Stakeholder Mapping
A visual technique that plots stakeholders by their level of influence and interest to guide engagement and communication strategies.
Key Points
- Often presented as a power-interest grid that groups stakeholders into quadrants.
- Helps prioritize who to manage closely, keep satisfied, keep informed, or simply monitor.
- Informs tailored communication: message content, frequency, and channels by stakeholder segment.
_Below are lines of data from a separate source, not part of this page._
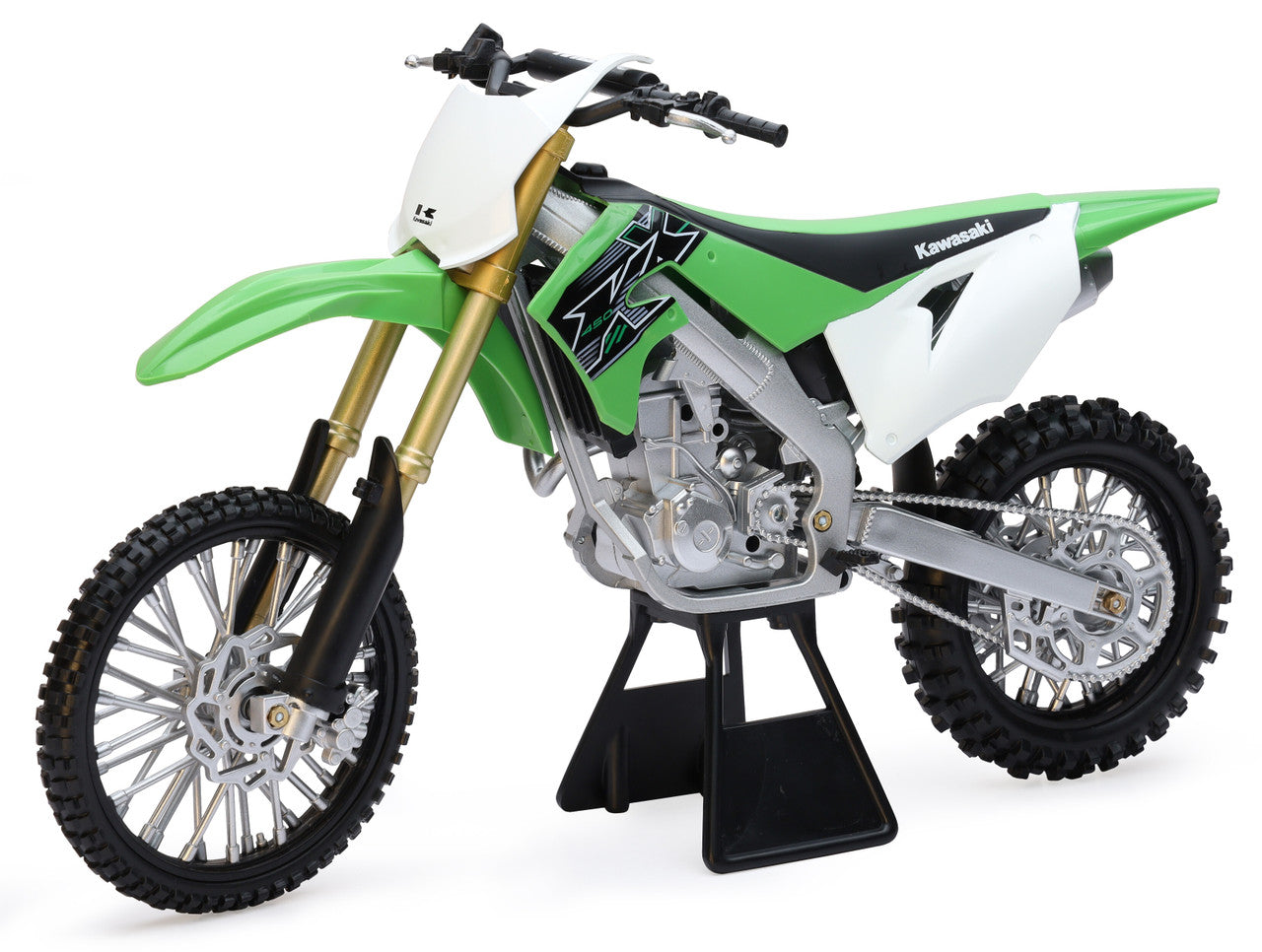 New Ray Toys 1:6 Scale Kawasaki KX450 2019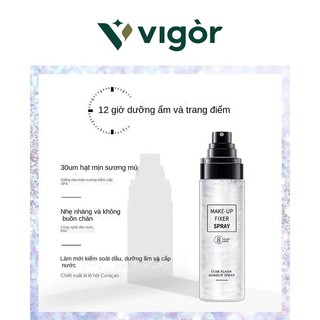Xịt Khoáng Cố Định Lớp Trang Điểm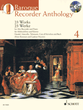 Baroque Recorder Anthology #4 BK/CD cover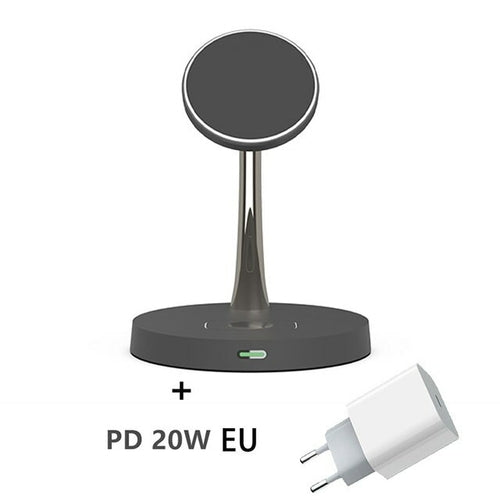 3 in 1 Wireless Chargers for Samsung / iPhone 14 13 12 pro max Qi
- Should be updated as stakeholder influence, interest, or project context changes.
Example
On an enterprise software rollout, the executive sponsor is high influence/high interest (manage closely), the compliance department is high influence/low interest (keep satisfied), end users are low influence/high interest (keep informed), and a distant vendor is low influence/low interest (monitor). The team schedules weekly check-ins with the sponsor, quarterly briefings for compliance, monthly newsletters for users, and occasional status notes for the vendor.
PMP Example Question
During stakeholder engagement planning, a project manager wants to classify stakeholders by their influence on the project and their level of interest. Which tool should the manager use?
- Stakeholder mapping
- Communication requirements analysis
- Risk probability and impact matrix
- RACI chart
Correct Answer: A — Stakeholder mapping
Explanation: Stakeholder mapping visually positions stakeholders by influence and interest, guiding engagement choices; the other options serve different purposes.